Airgunners offer a valuable service to landowners, says the editor
I ’d love to say that I was the quiet genius behind this month’s articles, but I’d be a liar. A number of our brilliant contributors have arrived at a similar conclusion, which is that we airgun hunters have something of real value to offer the land managers we meet. Jim is in Costa Rica helping farmers reduce the numbers of non- indigenous iguana lizards from decimating their meagre crops; Charlie is working with a local gamekeeper to reduce the damaging animals and birds that make his life all too hard, and Jamie is helping local farmers by reducing the pest burden on their land.
This mirrors my own shooting life that is tightly bound to the landowners I help. In return for the shooting rights, I diligently endeavour to deal with any problem they ask me to address. It might be rats in a yard, squirrels chewing through pheasant feed bins, or rabbits damaging gardens. If they tell me they have a problem, I’ll be there at every opportunity until the problem is dealt with.

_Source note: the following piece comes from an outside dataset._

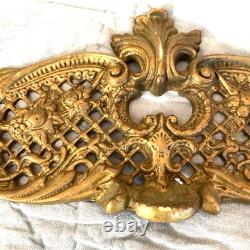 Cast Brass Fireplace Fender Replacement Part Center 2+ Lbs 16.5 Scrolls Floral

As Charlie explains, it can be a slow process of offering help to begin with, until the landowner gets to see the kind of person you are. Trust is slowly earned and quickly lost, so patience is the key. Don’t expect to get shooting rights quickly; they’re much too precious to be easily won. However, having your own shooting permission is one of life’s greatest pleasures and any time and effort spent in winning one will be rewarded a thousand times over. Ed.